Anxiety, paranoia: Occasional [8,11,52]. While usually not serious, may trigger panic attacks in certain individuals.
Unconsciousness: Being an effect of full dissociation, it is common at upper plateau doses, especially at fourth and Sigma plateaus. Usually not dangerous per se, but the unresponsive user needs to be watched by a sober trip assistant in order to prevent possible accidents (choking on vomit, etc).
Panic attacks, bad trips: Uncommon. May be caused by unfavorable set and setting. High doses of DXM may make the user believe he or she is going to die or become insane, which may lead to panic attacks, especially in inexperienced users. Read about preventing and controlling panic attacks and bad trips here.
Convulsions (seizures): Rare [18,53-54]. Seizures are more likely to develop in susceptible individuals such as epileptics or if the seizure threshold is reduced by other drugs or non-drug factors (see factors reducing the seizure threshold).

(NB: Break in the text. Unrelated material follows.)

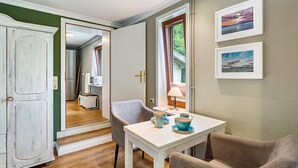 Una habitación con una mesa de comedor, sillas, un armario y dos cuadros colgados en la pared.
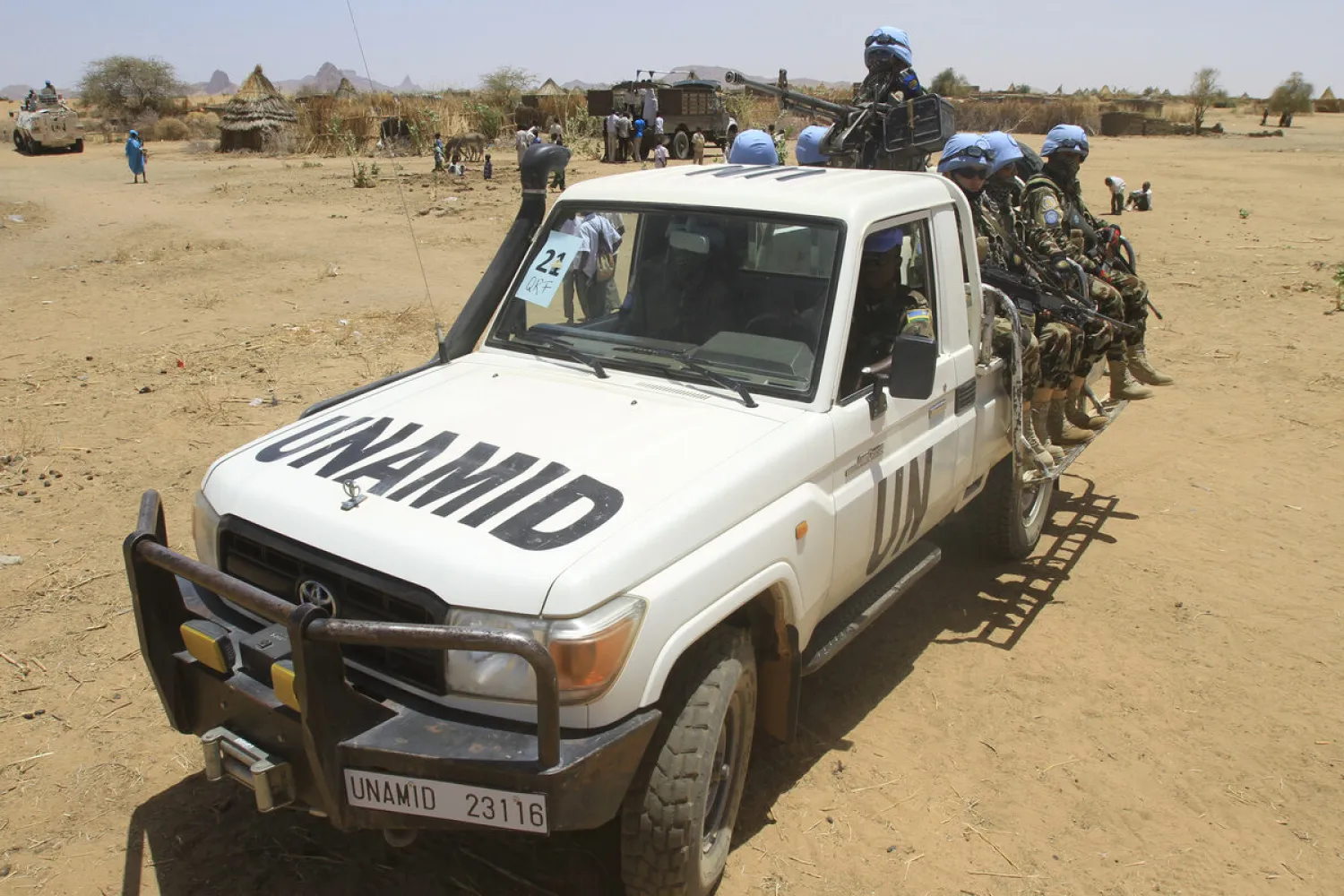 Peacekeepers with the United Nations-African Union Mission in Darfur (UNAMID) patrol the Shangil Tobaya area for displaced people in North Darfur state, on June 18, 2013. ASHRAF SHAZLY/AFP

Data on this topic is conflicting. In most trials on rodents, DXM was shown to have anticonvulsant effects [55-58], although proconvulsant (seizure-potentiating) effects were observed in two trials (on rats) [59-60]. In another trial on rats, DXM was shown to be anticonvulsant at low doses, but induced seizures at high doses [ 61]. In humans, daily doses of 160-200 mg DXM were shown to have anticonvulsant effects which were more pronounced in intermediate and poor metabolizers at CYP2D6 [54]. However, a moderate amount of DXM (two doses of 300 mg, taken several hours apart) in a CYP2D6 poor metabolizer was reported to cause seizures [18]. In a human trial, DXM in daily doses of 120 mg increased the frequency of complex partial seizures by 25% [53]. In another trial on brain-damaged children suffering from seizures, doses of 20-42 mg/kg DXM (with assisted respiration) had anticonvulsant effects [62].
Psychotic break: Rare [63-64]. More likely to develop at very high doses of DXM, in individuals with underlying mental health disorders, in CYP2D6 poor metabolizers, etc.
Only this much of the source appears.